Tauranga District Council has launched an ambitious Web site, incorporating access to the public library catalogue and maps designed for use by professionals.

Tauranga District Council has launched an ambitious Web site, incorporating access to the public library catalogue and maps designed for use by professionals.

It will also enable the public to find their way to a destination before leaving home.

Prior to the Web site launch, professionals - like surveyors and solicitors - in need of maps would use a terminal at the front counter of the council’s offices to view them and order hard copies, says land information manager Waid Crockett. Now they can do the same without leaving their office.

The professional mapping service - WebView Plus - is provided on a pay-per-view basis, but the less-sophisticated map service provided to the general public (WebView) is free of charge.

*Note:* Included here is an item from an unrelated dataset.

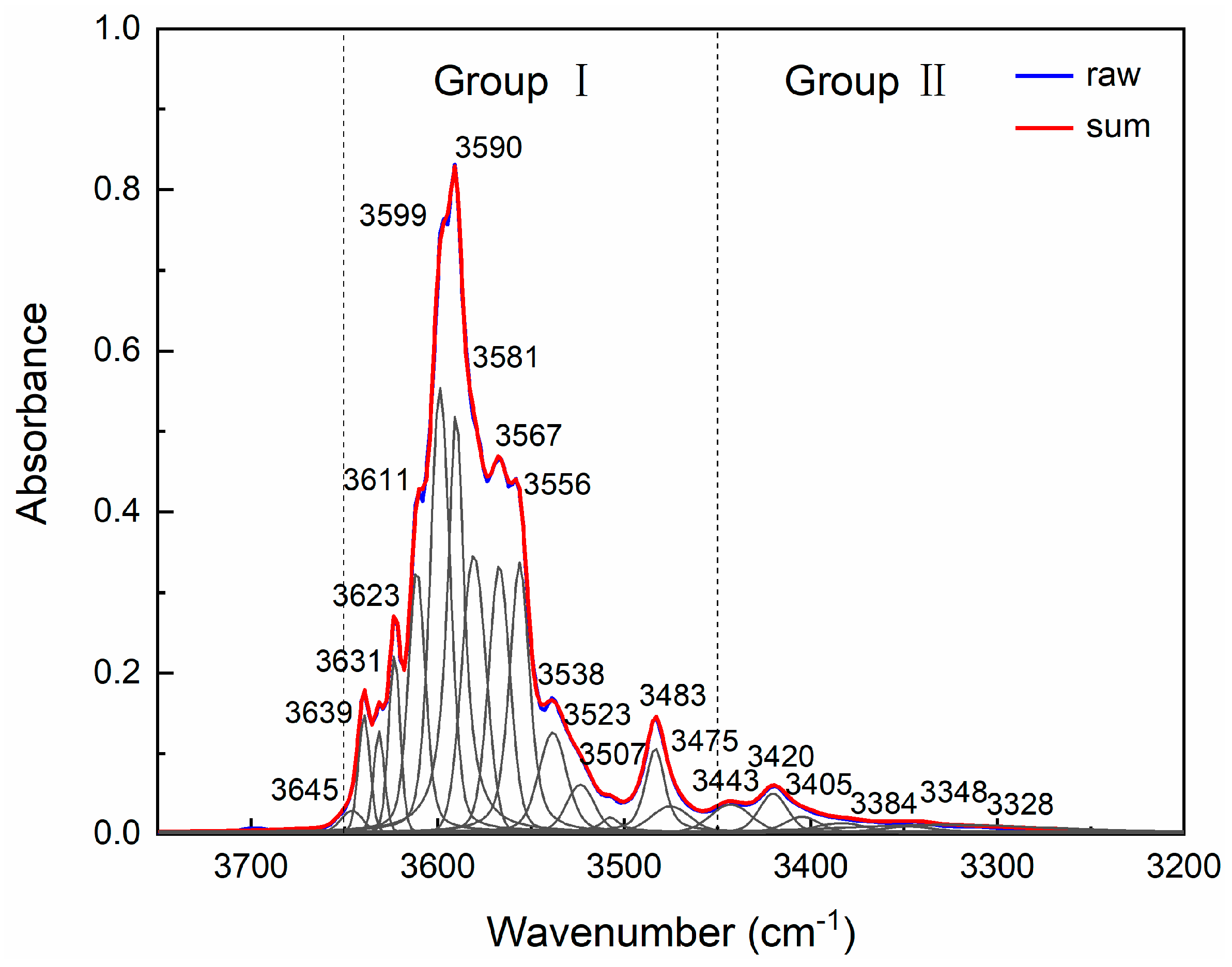 Minerals 10 00220 g012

Tauranga is the first local authority to include maps to the level of detail provided, Crockett claims.

The public can tell from the maps where reserves are, and on what day the rubbish is collected in a particular area.

"You can type in a street-name and [the system] will zoom straight to it,” he says.

With a Web interface superimposed on the libraries’ Dynex cataloguing system, the user can locate a book by a variety of keys (title, author, etc) and see which library it is in and how many copies are available.

“By putting in your library card number and a PIN, you can reserve books, or check and change your personal details, all on the PC.”

This, he acknowledges, is not unique. Other local authorities provide the same level of service from their libraries.

The Tauranga Web site was created economically, Crockett says.

“Development cost of equivalent sites typically runs into six figures,” he says.

“We had a budget of $46,000, and we came in below it. The mapping only cost us $5,000.”

The site also includes aerial photographs of the district and a collection of photographs showing how it has changed over time, as well as the expected local government information.

More improvements will follow, probably on a six-monthly upgrade basis, Crockett says. People may soon be able to lodge applications for building consents and the like online.